Hi @CarolineConcatto, the changes looks good to me, just left a few more nits on the tests.

llvm/lib/Transforms/InstCombine/InstCombineCalls.cpp
370

nit: load.scalar ?

llvm/test/Transforms/InstCombine/vscale_masked_intrinsics.ll
2

nit: From what I can see, there is nothing really scalable-specific about this transformation, so maybe just add it to llvm/test/Transforms/InstCombine/masked_intrinsics.ll?
(and also add a test for fixed-width vectors)

6

nit: Did you mean uniform?

I'd also avoid using 'valid' and 'invalid', because all IR seems valid, it's just not necessarily the right input to trigger your transformation.

How about:

@gather_nxv2i64_uniform_ptrs_all_active_mask
@gather_nxv2i64_non_uniform_ptrs_all_active_mask
@gather_nxv2i64_uniform_ptrs_no_all_active_mask
19

nit: Vector of pointers is not a splat value.

26

nit: maybe just pass a <vscale x 2 x i64*> as argument?

31

nit: Do you just mean 'Not all active mask' ?

CarolineConcatto marked 4 inline comments as done.
  • Move tests from vscale_masked_intrinsics.ll to masked_intrinsics.ll .
  • Add test when mask is all zero

Thank you Sander!

llvm/test/Transforms/InstCombine/vscale_masked_intrinsics.ll
2

Ok, I hope that there is no problem that the file you are pointing has no vscale tests in there yet.

31

It is both, because it cannot be all zero, this returns Null

if (!ConstMask)
  return nullptr;
david-arm added inline comments.Jan 4 2022, 7:16 AM
llvm/test/Transforms/InstCombine/masked_intrinsics.ll
375 ↗(On Diff #397274)

Do we actually need this attribute? This test file is in a target-independent location so we should avoid using target-specific attributes here.

  • remove sve attribute from masked_intrinsics.ll
  • remove negative test with vscale
CarolineConcatto marked an inline comment as done.Jan 6 2022, 2:24 AM
sdesmalen added inline comments.Jan 6 2022, 3:37 AM
llvm/test/Transforms/InstCombine/masked_intrinsics.ll
273 ↗(On Diff #397818)

nit: add Test gathers that can be simplified to scalar load + splat

274 ↗(On Diff #397818)

Splat pointer?

297 ↗(On Diff #397818)

just write: <2 x i64*> <i64* %src, i64* %src>

300 ↗(On Diff #397818)

nit: can you add a comment here that these are negative tests?
(and change the name of the functions to @negative_gather_...)

328 ↗(On Diff #397818)

I think you can remove this test, because it's unaffected by your patch.
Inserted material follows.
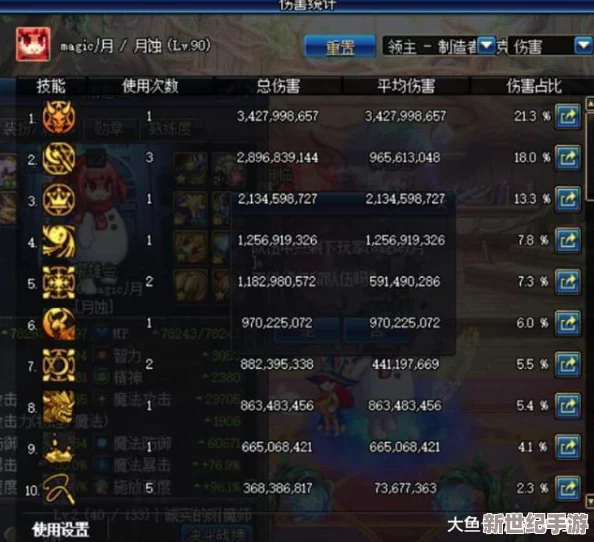 DNF瞎子职业最优选择：揭秘最适合携带的勋章搭配攻略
CarolineConcatto marked 2 inline comments as done.
  • Improve comments in the test file
llvm/test/Transforms/InstCombine/masked_intrinsics.ll
274 ↗(On Diff #397818)

Yes, you are correct. It is pointer. Missed that

297 ↗(On Diff #397818)

I believe this does not work, because src needs to be a constant.
I need to use gep and inserts in each position of the vector. That is the same as doing a splat

328 ↗(On Diff #397818)

That is not true. I added these lines:

auto *ConstMask = dyn_cast<Constant>(II.getArgOperand(2));
if (!ConstMask)
  return nullptr;
sdesmalen added inline comments.Jan 7 2022, 6:34 AM
llvm/test/Transforms/InstCombine/masked_intrinsics.ll
297 ↗(On Diff #397818)

You're right, I didn't realise that this notation doesn't work for constants!

328 ↗(On Diff #397818)

Returning nullptr means that InstCombine is not combining this case, i.e. that your combine function makes no changes.
You can see that in InstCombinerImpl::run where it calls the visit function.

In negative_gather_v2i64_uniform_ptrs_all_inactive_mask you're testing that the code is optimized away entirely if the mask is all-zero, but that's not caused by your code.
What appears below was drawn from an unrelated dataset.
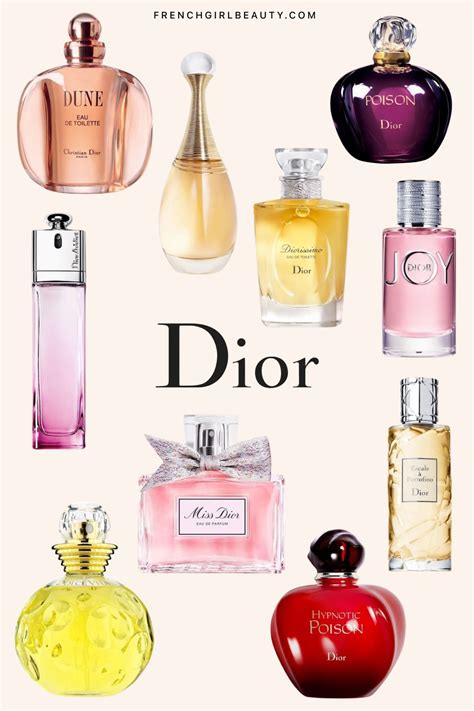 dior fragrance women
Matt added a subscriber: Matt.Jan 13 2022, 10:50 AM
  • Remove test negative_gather_v2i64_uniform_ptrs_no_all_active_mask
sdesmalen accepted this revision.Jan 21 2022, 3:19 AM
This revision was landed with ongoing or failed builds.Jan 21 2022, 6:20 AM
This revision was automatically updated to reflect the committed changes.